Pewarta : Ika Amiliya Nurhidayah, Editor : Amarul Hakim
Rangkaian peringatan Haul Gus Dur ke-15 telah mencapai puncaknya melalui pagelaran Panggung Budaya pada Kamis malam (13/02) di Student Center Kampus II UIN K.H. Abdurrahman Wahid Pekalongan.
Haul kali ini bertajuk “Refleksi Jejak Pemikiran Gus Dur dalam Kebhinekaan” yang kemudian ditekankan oleh Rektor UIN Gus Dur Prof. Dr. H. Zaenal Mustakim, M.Ag bahwa haul ini bukan sekedar untuk memperingati, namun juga meneladani sosok Gus Dur.
“Acara haul Gus Dur ini bukan hanya sebuah peringatan biasa untuk mengenang, tetapi lebih ke bagaimna nanti kita meneladani sosok yang luar biasa bernama K.H. Abdurrahman Wahid. Jangan hanya mengenang, tetapi harus bisa meneladaninya. Gus Dur itu bukan hanya tokoh, tetapi beliau adalah cahaya dalam kebhinekaan. Dengan kebijaksanaan dan keberanian nya beliau mengajarkan bahwa perbedaan itu bukan untuk dipertentangkan, tetapi untuk dirayakan,” jelasnya.
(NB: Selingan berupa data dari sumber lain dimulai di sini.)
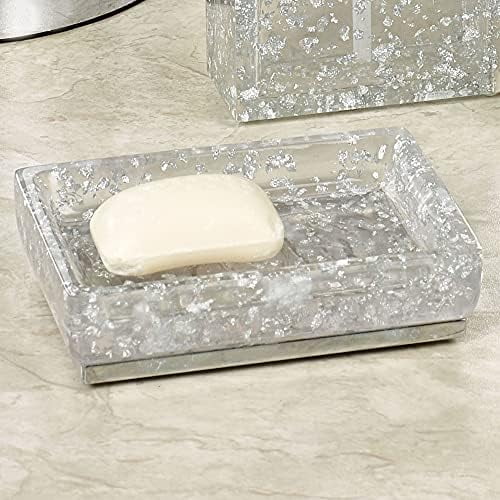  Soap Dish Silver Bath Accessory Decor Luxury Bathroom Accessories For Sink Soap Dish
Baca juga : Gus Dur: Pengaruh, Perspektif, dan Pemikiran tentang Pendidikan Islam
Panggung Budaya ini turut dihadiri oleh putri sulung Gus Dur Alissa Wahid, sahabat Gus Dur Abah Kirun, murid Gus Dur Pdt. Martin Lukito Sinaga, imam Gereja Santo Yohanes Rasul Karanganyar Romo Fransiskus Asisi Teguh Santosa, pawang Jaringan Gusdurian Nasional Saiful Huda Shodiq, Rektor UIN Gus Dur Prof. Dr. H. Zaenal Mustakim, M.Ag., dan Lintas Iman Pekalongan.
Acara dimulai dengan pertunjukan 150 pemain hadroh kolosal, dilanjut dengan pembacaan tahlil akbar yang dipimpin oleh Ketua Tanfidziyah PCNU Kabupaten Pekalongan K.H. Muslikh Khudlori, M.S.I., penampilan paduan suara kolaborasi UKM El-Fata dan Paduan Suara Gereja, tausiah kebangsaan oleh Alissa Wahid, dan wejangan oleh Kirun.
Alissa Wahid memulai tausiahnya dengan pembacaan puisi tentang Gus Dur yang bertajuk “Lelaki yang Tak Punya Mata.”
Lebih lanjut, Alissa menaruh harapan besar agar sosok Gus Dur tetap hidup di UIN Gus Dur sebagai universitas yang menyematkan nama ayahnya.
“Apalah arti tempat itu disematkan nama Gus Dur jika sosoknya tidak hidup di sana?” ujarnya.
Pendeta Dr. Martin Lukito Sinaga dalam sambutannya juga turut mengajak mahasiswa dan tokoh agama yang hadir saat itu untuk kembali kenang sosok Gus Dur.
Ia mengungkapkan bahwa Gus Dur layaknya jari-jemari Tuhan yang telah membuka hati dan pikirannya.
“Gus Dur itu seperti jari-jari Tuhan. Mengapa saya sebut begitu? Mengenang seorang K.H. Abdurrahman Wahid menurut saya seperti mengenang momen yang menentukan hidup saya, yang membuka hati saya, dan membuka pikiran saya,” ujarnya.
Baca juga : Toleransi Harmoni: Jejak Gus Dur dalam Merajut Kebhinekaan
Pendeta Martin juga berharap demokrasi yang sudah dibawa oleh Gus Dur tetap terjaga dan tidak akan pernah tumbang.
“Habibie dan Gus Dur yang membawa demokrasi kita take off, jangan sampai pesawat demokrasi kita nyusruk.”